Today, more than half of the worldwide population lives in cities and the European population seems to be the first one in progression, with a percentage of urban population that reaches 75% of the total (compared to the 60% of 1960s.)
(McKinsey Institute, July 2018)
By 2030, inhabitants of urban areas will be more than 5 billion (61% of the worldwide population at that time). Of course, it is not the first time in human history. Between the end of 800s and the second half of 900s, Rome went from around 200 000 inhabitants up to 3 million.
However, magnitude changes enormously. Onu foresees that by 2030 the number of megalopolis, cities with more than 10 million people, will increase from 31 to 43. In 1975, only 3 of those -tokyo, new york and mexico city- had more than 10 million residents.
Megalopolis will deliver 15% of the worldwide gross product.
The first consequence will be the increasing concentration of consumer income and purchasing power in big metropolitan areas. These will be considered, increasingly more, the main contact point of retail and the principal driver of the consumption trends.
The collateral phenomena of the increasing urbanization will be multiple and important. Among these, the delay in parenting, the reduction of family units, the narrowing of living spaces, the increasing gap between “haves and have nots”
Another trend in urban consumption is the increase of mono-parental families, which is an already dominant phenomenon in many developed countries and is quickly growing in developing countries. By 2030, 19,3% of families will be formed by one person. The shopping basket will consequently change.
In most of the urban areas in emerging and developing countries, consumers in working age (population between 15 and 16 years old) are still dominant.
However, the number of aged consumers, older than 65 years is increasing, not only in mature markets but also in developing countries. As a consequence, the urban consumption is more and more oriented towards services, such as healthcare assistance, education and traveling. In 2030 the consumption of material goods will be inferior to that of services.
The behavior of urban consumers is becoming increasingly more diverse and complex. Therefore, retailers will have to be aware of the changing demographic trends, lifestyles, purchasing habits and dynamics internal to every city. The profiling of consumers and the mapping of the purchasing process will be its prerequisite. And a real commitment should be demonstrated on sustainability.
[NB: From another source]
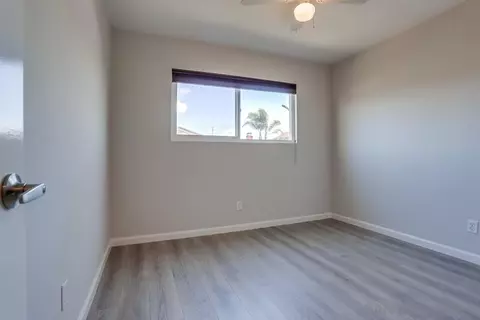 Bedroom - 3612 Sky Haven Ln, Oceanside, CA 92056 photo 3 of 4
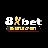 8kbetexpert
Driven by transnational immigration, the share of foreigners in many cities increased. This brought to an increase of diversity and multiculticulturalism among urban consumers, making their demand more diverse and complex.
It is important, moreover, to develop an offer which responds to the urban peculiarities. In different cities, the profile of consumers is strictly connected to the local identity, which, oftentimes, overlaps the national one. And, in perspective, it could partially sostitute it.
One thing is certain, the history of retail in the world is in direct relation with internal and external flux of people to the cities. In the US, the Sears case is emblematic.
1920, as a direct consequence of industrialization, was a year of turning point for Americans. For the first time in the history of their country, cities absorbed a share of population higher than that of rural areas. To meet the new demographic flux, Sears (the most important American retailer in 1989) significantly increased the number of department stores in cities.
40 years later, however, the same retailer was forced to double the number of suburban stores. Suburbs increased exponentially, and a company of the group, Homart Development Company, started the enormous development of shopping malls in suburban areas. It was an extraordinary success.
The desired planning has oftentimes failed, by substituting the urban slums to the traditional urban model.
Here something that you could try if you live in Great Britain. Go to your favorite urban place, whether it is the center of a big city or of a small market town. Close your eyes, turn around three times and walk to that direction for 15 minutes (or 1 hour if you are in London). I can foresee, with a reasonably degree of certainty, that you fill find yourself in a nasty place.
David Rudlin, Chair of the Academy of Urbanism
Today, the shift of the distribution channel to the cities is always more pronounced. The development does not pass through supermarkets and hypermarkets outside the urban perimeter, and in our western world the phenomenon is evident.
The case of convenience stores in the United Kingdom is suggestive of the importance they assume in the sector of new urban tendencies, or necessities, of consumption. By recognizing the importance of affordability and the relevance assumed by smaller families, big chains such as Tesco are directing their presence toward smaller formats.
Between 2013 and 2018, these selling units grew by 6,9% in terms of market dimensions, against a drop of 1,8 and 4,6% of supermarket and hypermarkets, respectively.
For these selling formats, in Germany, the results in the first quarter 2019 even suggest a loss of 5,5 percentage points in 2018.
Nobody, however, can state with certainty that similar situations show the same successful path everywhere. Walmart's Neighborhood and Walmart Express, for example, have been attempts to create smaller shopping points to align to the needs of the increasing urban population. This experiment proved to be a failure in 2016, when Walmart declared the closure of 154 shops, including all the 102 smaller ones.
In Asia, in the meanwhile, entire commercial villages are being brought into cities. The “vertical” shopping mall Hysan Place, in Hong Kong, is a building of 40 floors which includes 17 levels of retail.
For shopping malls and clients, in the end, the logic of the mountain and Muhammad is the winning one.